A few years ago, I might have gone to Lanloup by train. I could have taken an express to Saint-Brieuc, then the narrow-gauge branch line that ran down the coast. Brehec by the sea was a station for Lanloup a mile-and-a-half inland, the viaduct of the abandoned narrow-gauge line still stands there. It was built by giants, no doubt, the midgets who replaced them are not even up to the task of demolishing it. I might have come by the steam train that screamed on the viaduct like a gull over the cliffs, whistling with its two eaved passenger cars, a brake van, and two or three freight cars. I could have got off the train and taken a trop up the hill to the Duvals' café where I rent rooms right across the road from the Lanloup church. There I can work in the Seventies, it is the kind of place that my street in Montparnasse must have been for Kisling in the Twenties. I once arrived there on an Easter Sunday. I had to come by car because the bus that plies the corrugated roller-coaster track of a highway from Saint-Brieuc could not have carried my two bicycles. I wasted no time breaking out a bike and coasting down a road that runs from Lanloup to the sea through a valley carved out by the stream Kerguen. There were once seven mills on that stream, only one is left and it grinds no more.

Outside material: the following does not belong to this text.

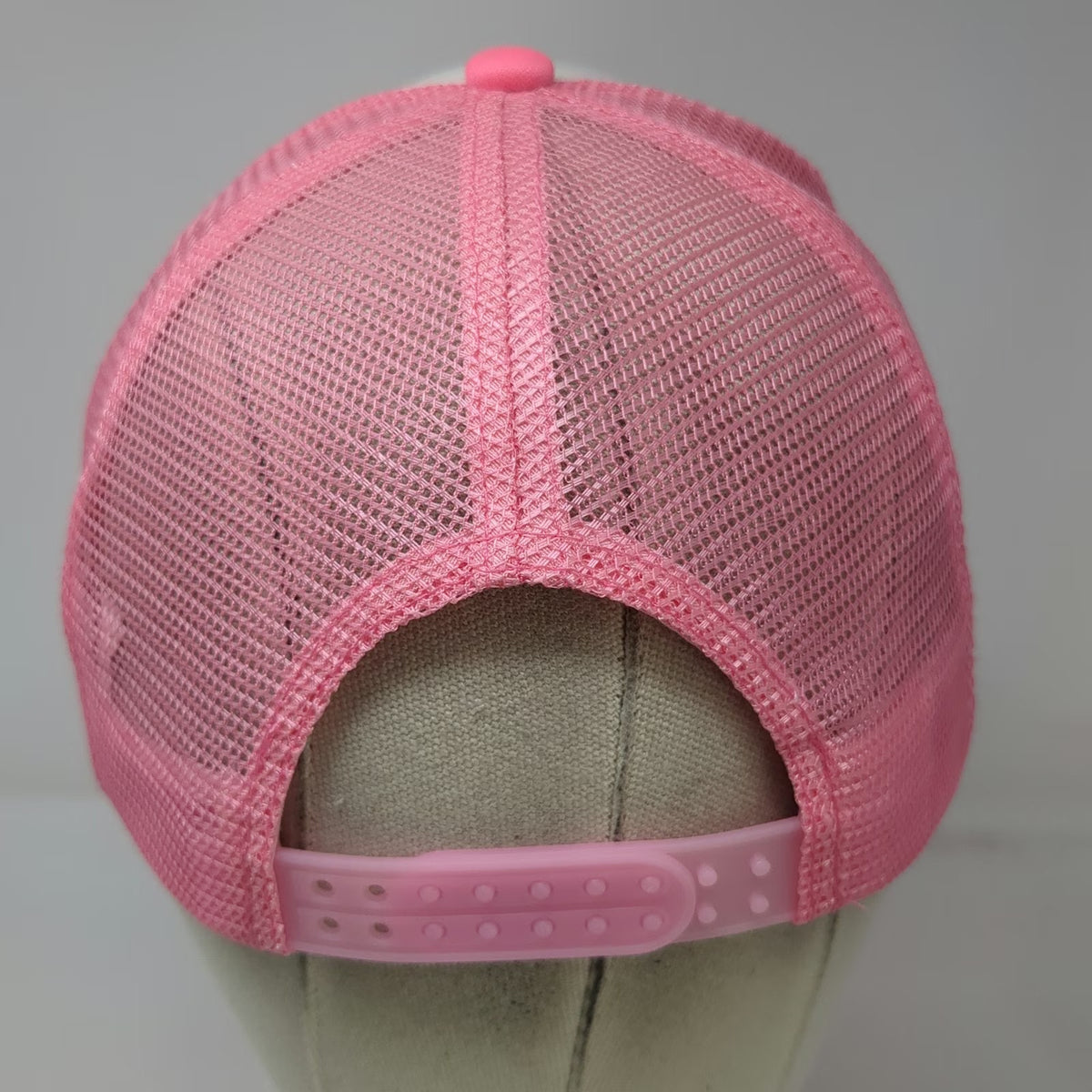 Hobby Lobby Trucker Hat Pink One Size Cowboy Boot Bow Patch Mesh Snapback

On the beach at Brehec, just on the downstream side of the railroad viaduct, there was a sheen of wet sand in the artificial cove formed by a breakwater built many years ago to protect fishing craft. Most of the fishermen are long gone. In winter, there is only one working boat left in Brehec harbor, the Marcel Augustine, named after the parents of the two catlike young men I see aboard when they moor in the middle of the cove and scull a dinghy to the foot of the breakwater with a few crates of scallops.
The cove was empty on that Easter Sunday morning, it was awaiting the play-boats of the summer yachtsmen and the dinghy sailors. Except for two or three cafés, nothing was open in Brehec. The summer houses were shuttered against a miraculous Easter Sunday sun that sent me walking shirtless across the wet sand. The hotels were battened down for the winter, their windows not only shuttered but blinded by sheets of fiberboard nailed over them. I sat on the beach; I had half an acre of sand around me to blot my ink, but the sun and a breeze from the West dried it as soon as I wrote, dried it as fast as a ballpoint. I got back up the hill, pedaling against the grade and the trickle of the Kerguen, just in time to see and hear the twin bells of the Lanloup church calling the village and the countryside around for high mass, their clappers lolling like tongues inside their cupped brazen mouths.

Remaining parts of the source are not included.